In the strict sense the term amine oxide applies only to oxides of tertiary amines. Sometimes it is also used for the analogous derivatives of primary and secondary amines.
Examples of amine oxides include pyridine N-oxide, a water-soluble crystalline solid with melting point 62-67°C, and N-methylmorpholine N-oxide, which is an oxidant.
Contents
Properties
Amine oxides are used as protecting group for amines and as chemical intermediates. Long-chain alkyl amine oxides are used as nonionic surfactants and foam stabilizers.
Amine oxides are highly polar molecules have a polarity close to that of quaternary ammonium salts. Small amine oxides are very hydrophilic and have an excellent water solubility and a very poor solubility in most organic solvents.
Amine oxides are weak bases with a pKa of around 4.5 that form R3N+-OH, cationic hydroxylamines, upon protonation at a pH below their pKa.
Synthesis
Amine oxides are prepared by oxidation of tertiary amines or pyridine analogs with hydrogen peroxide (H2O2), Caro's acid or peracids like mCPBA in N-oxidation [1].
Reactions
- Pyrolytic elimination. Amine oxides, when heated to 150 to 200 °C eliminate a hydroxylamine, resulting in an alkene. This pyrolytic syn-elimination reaction is known under the name Cope reaction. The mechanism is similar to that of the Hofmann elimination.
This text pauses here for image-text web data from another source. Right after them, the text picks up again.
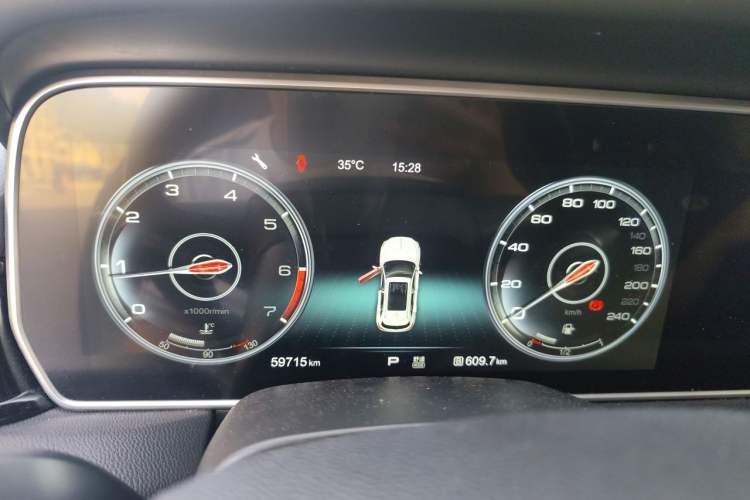 Used Hongqi HS5 2019 2.0T Smart Connect Flagship All-Wheel-Drive Version Instrument Cluster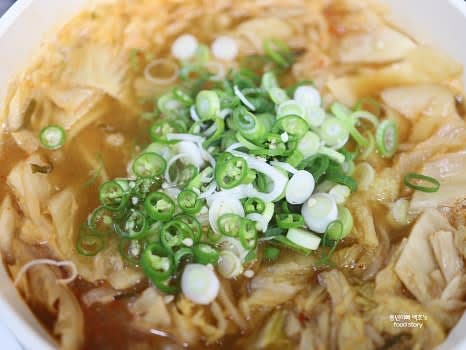 묵은지를 냄비에 넣고 다진 마늘 1T, 썰어둔 대파와 청양고추를 추가합니다.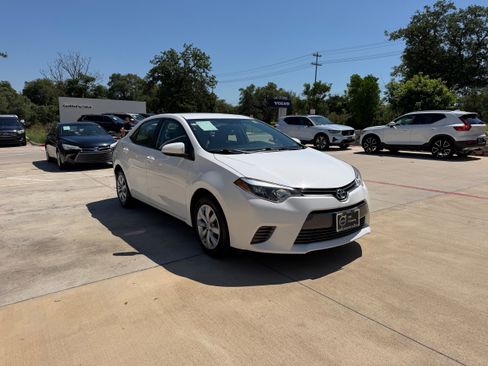 Used 2016 Toyota Corolla LE FWD image 6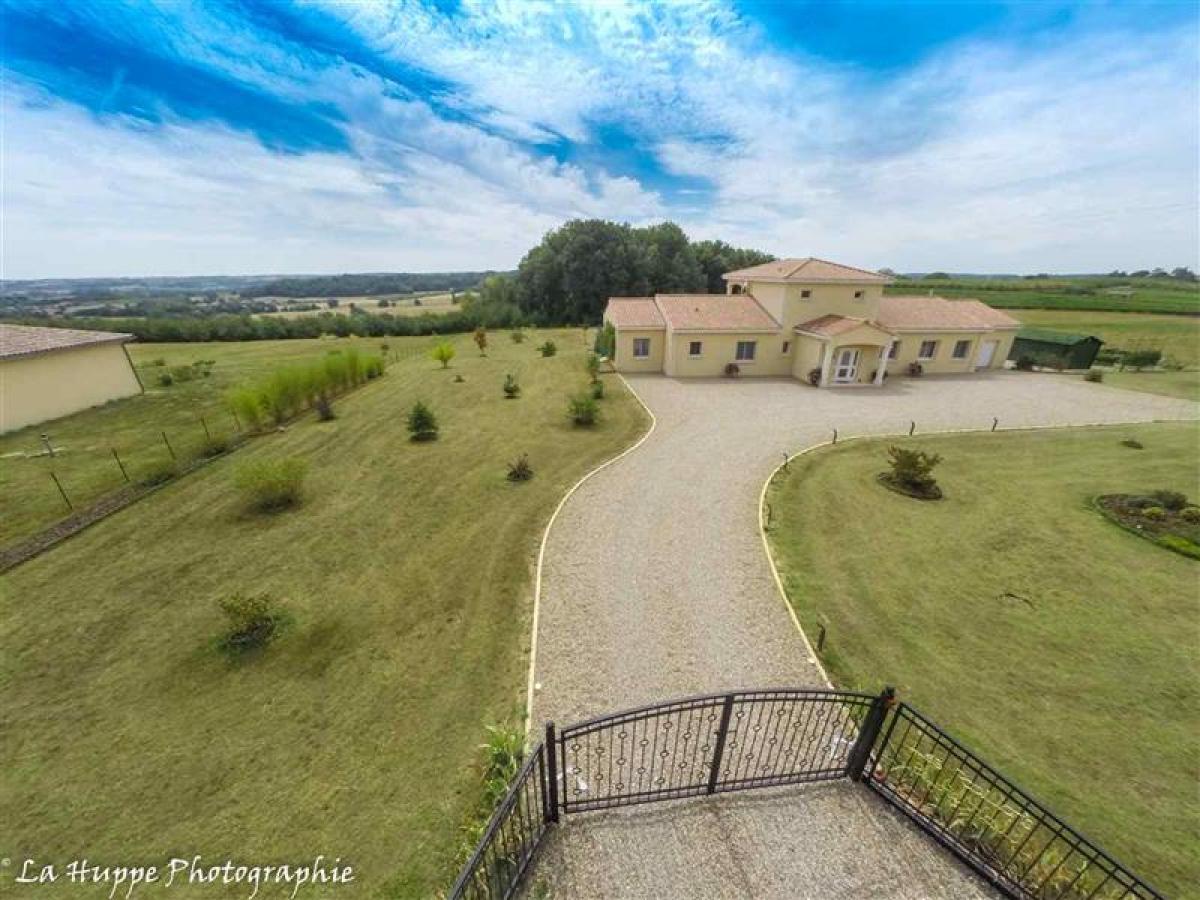 Picture of Home For Sale in Duras, Herault, France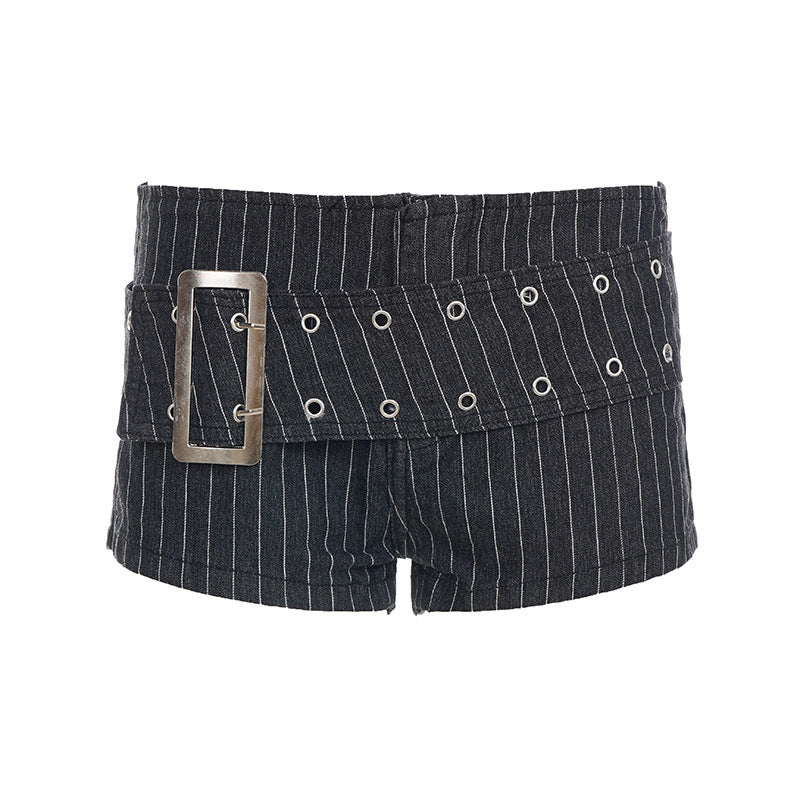 Damer shorts i urban rutigt utseende med bred midjebälte och öglor Mirla-Eva Jonsson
- Reduction to amines. Amine oxides are readily converted to the parent amine by common reduction reagents including lithium aluminium hydride, sodium borohydride, catalytic reduction, zinc / acetic acid, and iron / acetic acid. Pyridine N-oxides can be deoxygenated by phosphorus oxychloride
- Sacrificial catalysis. Oxidants can be regenerated by reduction of N-oxides, as in the case of regeneration of osmium tetroxide by N-methylmorpholine oxide.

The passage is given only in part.